This afternoon's post-nap activity, assuming Ess is willing: A trip to Outletport, where I hope to exchange my JJ Legume jacket whose elastic waist thingy broke for a newer and swankier one. Perhaps a little something like this? We'll see.

Sunday, January 21, 2007

Random bullets of 3 degrees*

--Today's assignment: 1,900 words on annuities, a subject about which I know precisely nothing. Should be fun.

--Still no resolution on the Jelly situation. I had a long talk with the vet the other night; Jelly is possibly in the early stages of kidney disease, or she may have Cushing's disease, which if confirmed could require a surgery that we are unwilling to have performed, or she may have early liver disease. The vet outlined a series of options, none of which sound very good to us. And she did say that euthanasia would be "a valid decision." She also suggested that we would not be remiss to think of the entire family's quality of life, and not just Jelly's. D wants to try a week or two of keeping Jelly gated in the kitchen, to at least contain the accidents, and see how that affects her and us. She peed overnight again last night, which means that at some point today, in addition to writing about annuities and wrangling Ess and helping get a turkey meatloaf made, I have to mop the kitchen. Again.

--If you came near my cuticles, you might require a shield to defend yourself from their deathly sharpness, all the Burt's Bees hand salve in the world notwithstanding.

--And also the canker sores, which I seem to have in some sort of chronic form. Driving me crazy.

--D is going to his parents' tonight to watch the big game. I will be alone with the Sunday Times and the homemade hot chocolate my sister and brother-in-law gave us for Christmas. It sounds like heaven... unless the annuities need attention, in which it's a few more hours of nose to grindstone and then collapsing into bed.

--I really, really need to devote some time to myself, to something other than my job, freelancing, childcare and keeping us all fed and (marginally) clean. Thinking about taking up crocheting again, since my carpal tunnel seems to have gotten better now that Ess is not nursing all the frickin' time. But then I think of the freelance queries unwritten and the emails unanswered and the meals uncooked (not to mention the savings account unoverflowing) and say yes to another freelance assignment.

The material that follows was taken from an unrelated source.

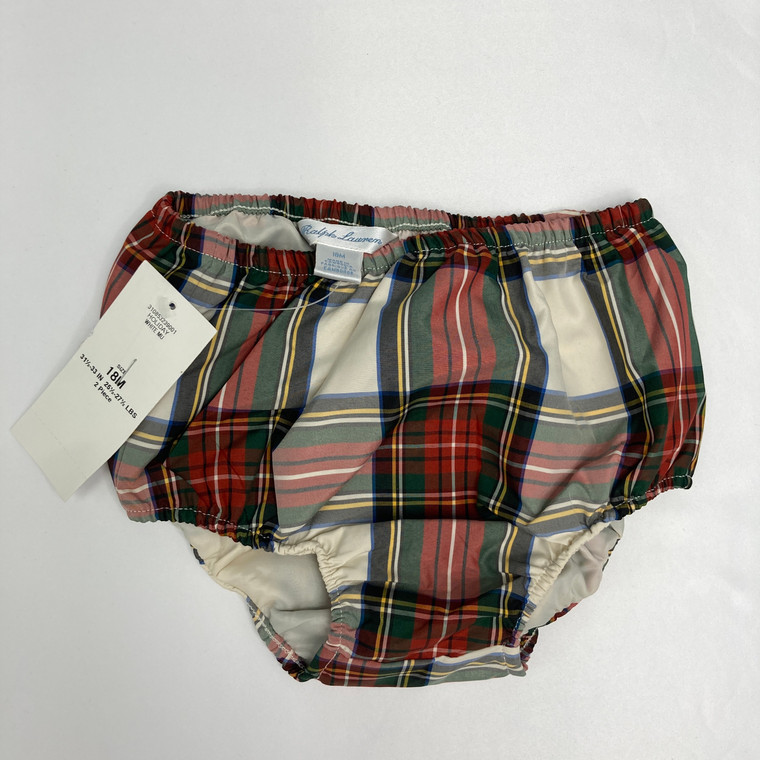 Ralph Lauren Holiday White Plaid Diaper Cover 18 mth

--Which is why it's such a bummer that the trip to DC we impetuously dreamed up earlier this week seems to have gone up in smoke. Our friends can't wait to see us... but the plane tix went from $99 to over $150 in the few days it took to dither and ponder and make up our minds. And now that quick, relatively cheap weekend away seems more like an unaffordable luxury given the expenses of daycare and car insurance and, oh yes, vet bills.

---

*With wind chill; it just doesn't seem as dramatic to say "Random bullets of 16 degrees"

Friday, January 19, 2007

Dog angst

I don't think it's any secret that I've become really frustrated with Jelly, our elderly mutt who pees in the house constantly. It's gotten worse lately -- several mornings a week of mopping the kitchen floor at 6:30 am, or of getting out the paper towels and Nature's Miracle again to swab the living room rug or dining room hardwood -- and I've sort of reached the end of my rope. I've been especially concerned about what happens when Ess finally realizes she can move... and scoots right into a puddle of dog pee. And then I've felt horrible about the fact that I would probably be in a very different frame of mind about this animal if we didn't have a baby.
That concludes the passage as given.